# why does my Mona keep barking at her food bowl?



## USMCxJames (Dec 19, 2010)

it's become almost a habitual thing for her. It started off innocently once in awhile but now it seems like she's constantly barking at her food and keeps trying to tip over the food bowl while she's eating at the sametime. Is this a phase or something I need to correct now?


----------



## lgnutah (Feb 26, 2007)

Do you mean she barks at the empty bowl?
I was wondering if she somehow connected barking with food being put in the bowl in the past, so now she thinks if she barks more food will appear?


----------



## USMCxJames (Dec 19, 2010)

sorry I should have specified that she only barks when there's food in the bowl.

It's almost like she's playing around with her food. I'm not sure if I should consider this normal and classified as childs play or be genuinely worried.

What can she possibly be trying to do or say with her barking at her food?


----------



## Oaklys Dad (Dec 28, 2005)

That is a new one to me. I wonder if she might have been scared by her bowl. I wonder if a change to plastic or ceramic bowl might help.


----------



## lgnutah (Feb 26, 2007)

Good possibility, Rob, if it's stainless steel maybe she is seeing her reflection in the bowl


----------



## diane0905 (Aug 20, 2010)

I don't know, but my first name is Mona so I'm stopping in to say fine name. :

My dog barks occasionally at emptiness in a room -- not often, but every once in a while. He also barks at things out of place at times -- like if the vacuum cleaner is out or the television is on pause. 

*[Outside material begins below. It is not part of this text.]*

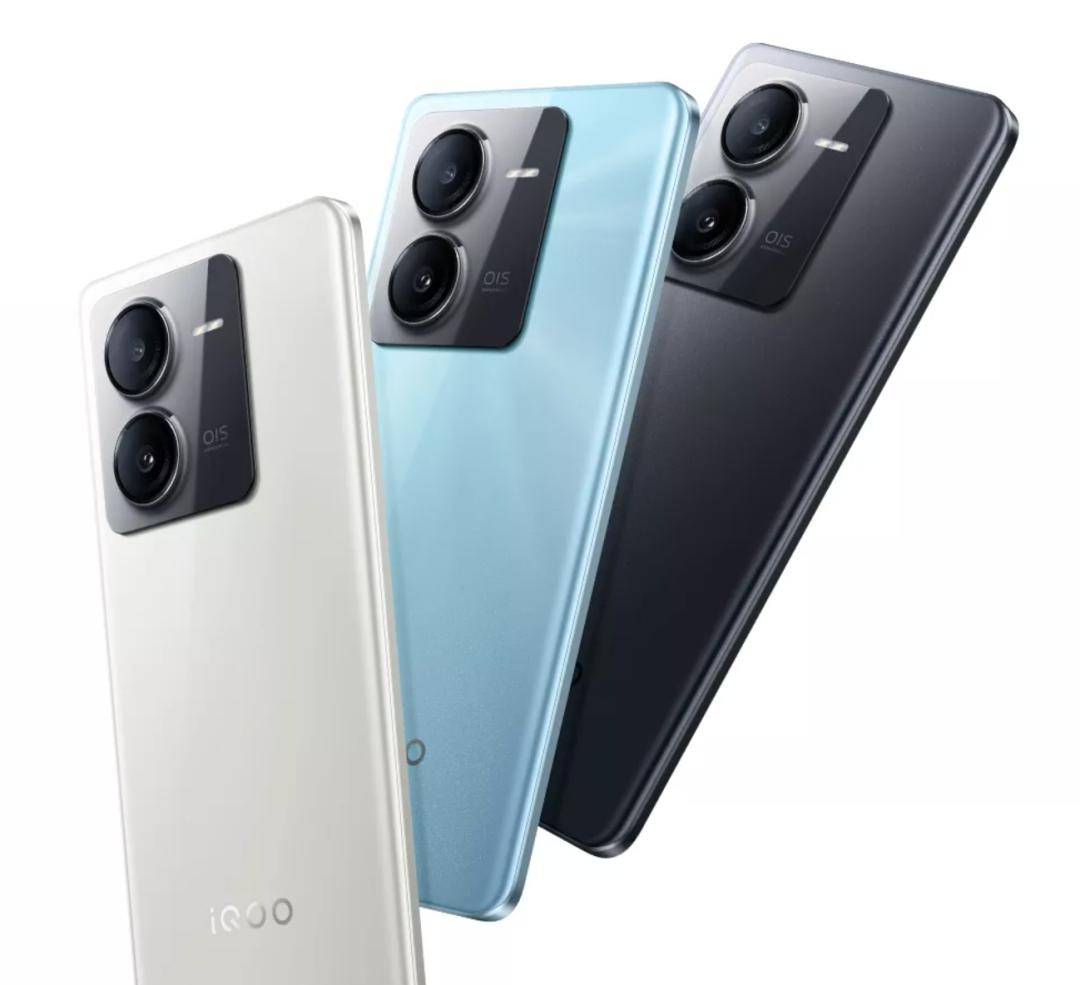 iqoo z9 或三月发布,6000 mah电池,1.5k oled屏_设备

Has your dog always been on the same food? I'm thinking perhaps if it is a new food she may not like it so much. Or does she have a new bowl? Is it metal? She may see herself in it.


----------



## USMCxJames (Dec 19, 2010)

she's been fed the same diet since I've had her.

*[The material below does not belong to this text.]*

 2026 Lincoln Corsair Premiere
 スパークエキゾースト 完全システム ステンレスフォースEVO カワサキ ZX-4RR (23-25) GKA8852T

Her own reflection in her food bowl might be a good possibility. She'll playfully bark and scratch at her food bowl.


----------



## Our3dogs (Apr 3, 2008)

Since you confirmed it is a metal bowl, I bet she is either seeing her reflection, or shadows as she moves her head in and out of the bowl. While she might not have done it in the begining, as she get's older they start to notice new things. Our Logan is a shadow chaser and that is exactly what he does when he watches shadows. Try a plastic bowl to see if it makes a difference.


----------